(INPUT MATERIAL)

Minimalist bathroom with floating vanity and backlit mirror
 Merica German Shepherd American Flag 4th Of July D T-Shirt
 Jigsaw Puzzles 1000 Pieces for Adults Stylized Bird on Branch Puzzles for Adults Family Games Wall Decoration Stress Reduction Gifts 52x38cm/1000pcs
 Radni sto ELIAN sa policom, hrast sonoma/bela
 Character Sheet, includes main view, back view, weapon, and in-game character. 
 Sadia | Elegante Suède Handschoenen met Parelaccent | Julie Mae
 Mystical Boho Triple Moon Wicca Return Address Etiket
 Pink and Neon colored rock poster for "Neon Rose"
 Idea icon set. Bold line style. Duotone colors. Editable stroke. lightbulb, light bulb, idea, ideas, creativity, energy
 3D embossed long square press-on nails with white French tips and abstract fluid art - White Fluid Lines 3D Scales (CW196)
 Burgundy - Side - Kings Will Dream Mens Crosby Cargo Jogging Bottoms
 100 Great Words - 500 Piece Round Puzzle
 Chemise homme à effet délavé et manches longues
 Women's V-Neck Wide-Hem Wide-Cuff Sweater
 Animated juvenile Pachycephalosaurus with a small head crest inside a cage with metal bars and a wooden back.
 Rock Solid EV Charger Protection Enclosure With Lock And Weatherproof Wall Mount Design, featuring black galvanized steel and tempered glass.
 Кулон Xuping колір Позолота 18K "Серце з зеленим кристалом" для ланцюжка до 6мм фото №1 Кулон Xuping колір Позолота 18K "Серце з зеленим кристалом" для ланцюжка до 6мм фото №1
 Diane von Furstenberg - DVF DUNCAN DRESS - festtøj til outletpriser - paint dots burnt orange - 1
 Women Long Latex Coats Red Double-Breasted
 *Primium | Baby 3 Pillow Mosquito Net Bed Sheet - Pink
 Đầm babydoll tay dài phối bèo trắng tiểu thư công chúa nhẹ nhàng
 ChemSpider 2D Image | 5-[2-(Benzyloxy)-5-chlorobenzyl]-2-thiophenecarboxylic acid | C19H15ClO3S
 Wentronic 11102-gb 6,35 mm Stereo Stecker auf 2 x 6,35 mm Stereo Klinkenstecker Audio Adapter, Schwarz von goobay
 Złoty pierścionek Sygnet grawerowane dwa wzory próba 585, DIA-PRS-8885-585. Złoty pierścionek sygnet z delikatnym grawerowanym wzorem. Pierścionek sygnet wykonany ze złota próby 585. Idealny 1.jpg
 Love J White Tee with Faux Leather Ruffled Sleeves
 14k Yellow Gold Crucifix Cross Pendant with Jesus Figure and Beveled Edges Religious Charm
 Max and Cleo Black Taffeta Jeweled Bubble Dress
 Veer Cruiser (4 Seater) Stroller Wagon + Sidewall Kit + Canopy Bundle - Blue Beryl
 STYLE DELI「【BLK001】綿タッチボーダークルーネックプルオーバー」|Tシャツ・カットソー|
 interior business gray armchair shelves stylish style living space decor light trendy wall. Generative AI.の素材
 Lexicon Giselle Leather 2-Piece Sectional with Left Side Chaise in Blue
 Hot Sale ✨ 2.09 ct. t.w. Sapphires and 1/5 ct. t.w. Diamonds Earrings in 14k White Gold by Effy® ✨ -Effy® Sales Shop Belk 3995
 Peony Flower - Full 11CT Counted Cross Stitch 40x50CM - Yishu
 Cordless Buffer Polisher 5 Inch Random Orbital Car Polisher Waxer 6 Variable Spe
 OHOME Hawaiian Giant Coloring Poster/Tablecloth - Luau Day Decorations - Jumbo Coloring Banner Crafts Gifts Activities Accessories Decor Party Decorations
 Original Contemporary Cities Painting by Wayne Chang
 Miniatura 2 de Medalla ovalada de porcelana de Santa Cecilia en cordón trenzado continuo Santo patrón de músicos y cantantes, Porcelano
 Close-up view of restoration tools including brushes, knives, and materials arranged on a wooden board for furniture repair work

(End INPUT MATERIAL)

# [HOW TO COMPLETE THIS TASK]
Write down again, exactly as given, only the lines above that fall from the line with "Đầm babydoll tay" to the line with "Veer Cruiser (4", inclusive.

# [RESULT]
 Đầm babydoll tay dài phối bèo trắng tiểu thư công chúa nhẹ nhàng
 ChemSpider 2D Image | 5-[2-(Benzyloxy)-5-chlorobenzyl]-2-thiophenecarboxylic acid | C19H15ClO3S
 Wentronic 11102-gb 6,35 mm Stereo Stecker auf 2 x 6,35 mm Stereo Klinkenstecker Audio Adapter, Schwarz von goobay
 Złoty pierścionek Sygnet grawerowane dwa wzory próba 585, DIA-PRS-8885-585. Złoty pierścionek sygnet z delikatnym grawerowanym wzorem. Pierścionek sygnet wykonany ze złota próby 585. Idealny 1.jpg
 Love J White Tee with Faux Leather Ruffled Sleeves
 14k Yellow Gold Crucifix Cross Pendant with Jesus Figure and Beveled Edges Religious Charm
 Max and Cleo Black Taffeta Jeweled Bubble Dress
 Veer Cruiser (4 Seater) Stroller Wagon + Sidewall Kit + Canopy Bundle - Blue Beryl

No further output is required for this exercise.